- Description of the task: Retype each line below precisely and omit all images.

- Given data:
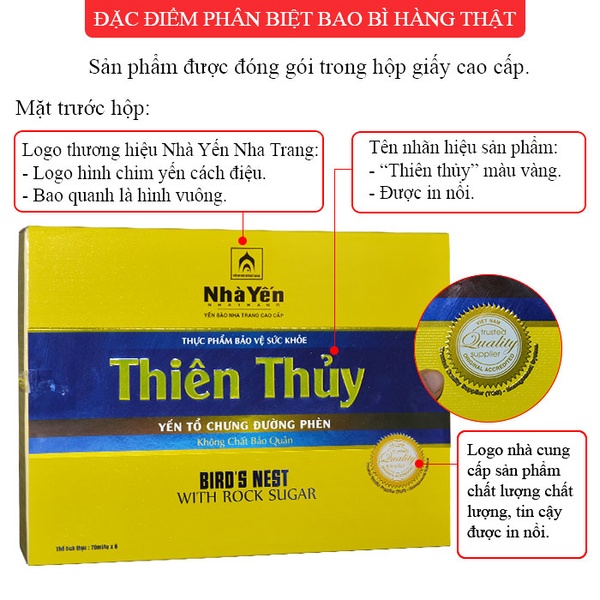 Nước yến sào Thiên Thủy vị lá dứa loại 6 lọ-Y075 A1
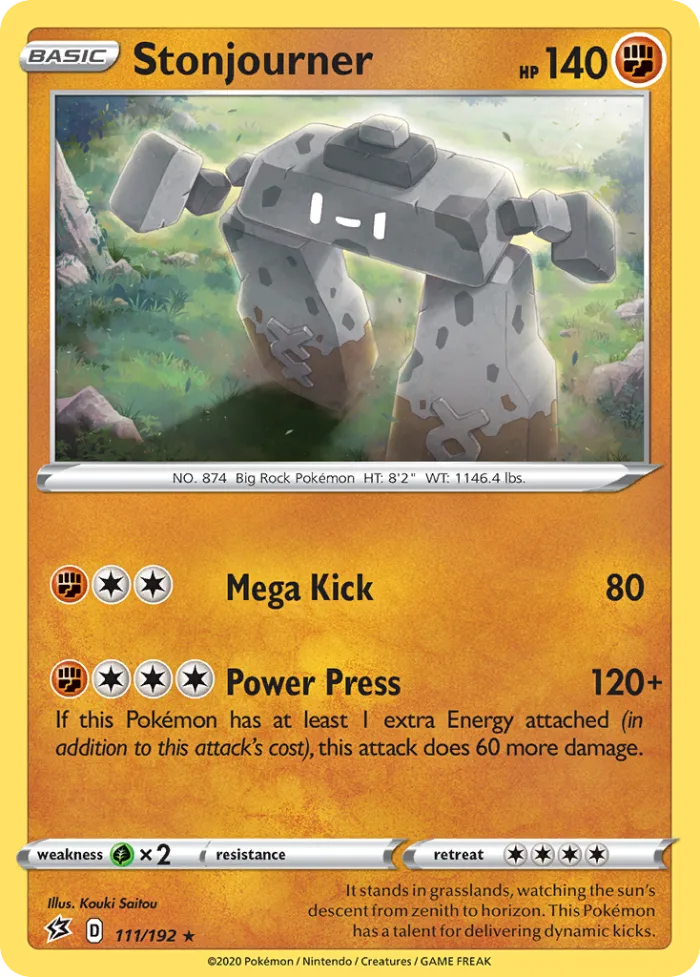 Stonjourner #111 Rebel Clash Pokemon card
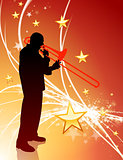 Trumpet Musician on Abstract Light Background with Stars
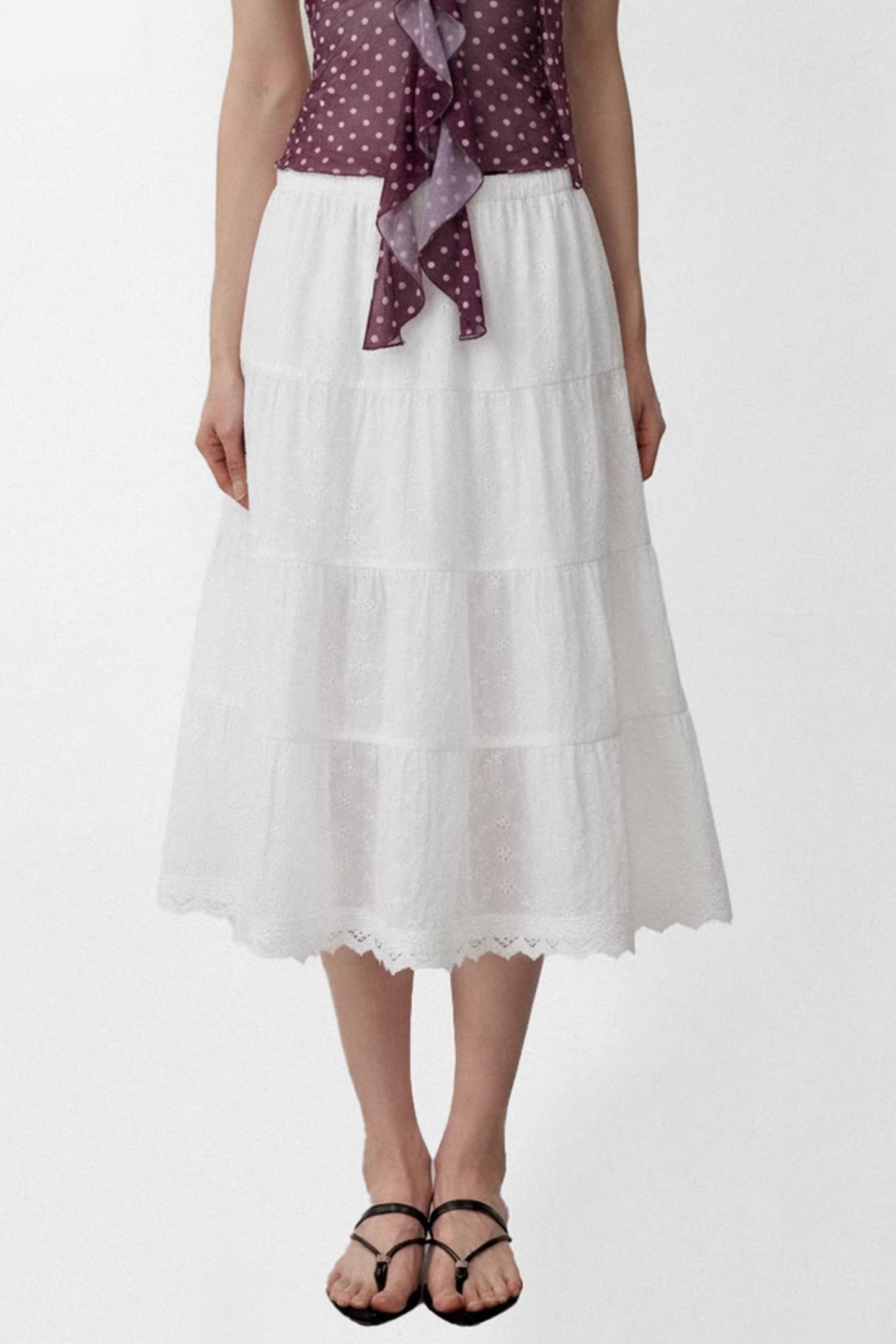 White Embroidered Lace A-Line Skirt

- Response area:
 Nước yến sào Thiên Thủy vị lá dứa loại 6 lọ-Y075 A1
 Stonjourner #111 Rebel Clash Pokemon card
 Trumpet Musician on Abstract Light Background with Stars
 White Embroidered Lace A-Line Skirt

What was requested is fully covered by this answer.